WHAT NEEDS TO BE DONE = Retype precisely the section of the data that starts at the line containing "Tai nạn liên" and runs to its final line, ends included.

MATERIAL FOR THE TASK =
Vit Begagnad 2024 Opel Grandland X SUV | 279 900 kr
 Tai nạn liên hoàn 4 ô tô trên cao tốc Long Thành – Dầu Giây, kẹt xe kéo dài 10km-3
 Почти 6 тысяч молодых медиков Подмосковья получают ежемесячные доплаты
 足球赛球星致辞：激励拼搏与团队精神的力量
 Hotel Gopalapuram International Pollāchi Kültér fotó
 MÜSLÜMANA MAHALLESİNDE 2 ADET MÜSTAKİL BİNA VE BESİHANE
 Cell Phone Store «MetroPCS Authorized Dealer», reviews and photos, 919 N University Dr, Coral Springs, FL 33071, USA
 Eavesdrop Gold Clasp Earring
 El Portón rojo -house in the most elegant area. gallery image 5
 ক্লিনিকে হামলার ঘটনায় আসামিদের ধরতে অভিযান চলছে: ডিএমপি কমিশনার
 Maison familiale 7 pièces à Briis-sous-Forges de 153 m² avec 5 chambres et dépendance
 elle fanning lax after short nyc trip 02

WRITTEN RESPONSE =
 Tai nạn liên hoàn 4 ô tô trên cao tốc Long Thành – Dầu Giây, kẹt xe kéo dài 10km-3
 Почти 6 тысяч молодых медиков Подмосковья получают ежемесячные доплаты
 足球赛球星致辞：激励拼搏与团队精神的力量
 Hotel Gopalapuram International Pollāchi Kültér fotó
 MÜSLÜMANA MAHALLESİNDE 2 ADET MÜSTAKİL BİNA VE BESİHANE
 Cell Phone Store «MetroPCS Authorized Dealer», reviews and photos, 919 N University Dr, Coral Springs, FL 33071, USA
 Eavesdrop Gold Clasp Earring
 El Portón rojo -house in the most elegant area. gallery image 5
 ক্লিনিকে হামলার ঘটনায় আসামিদের ধরতে অভিযান চলছে: ডিএমপি কমিশনার
 Maison familiale 7 pièces à Briis-sous-Forges de 153 m² avec 5 chambres et dépendance
 elle fanning lax after short nyc trip 02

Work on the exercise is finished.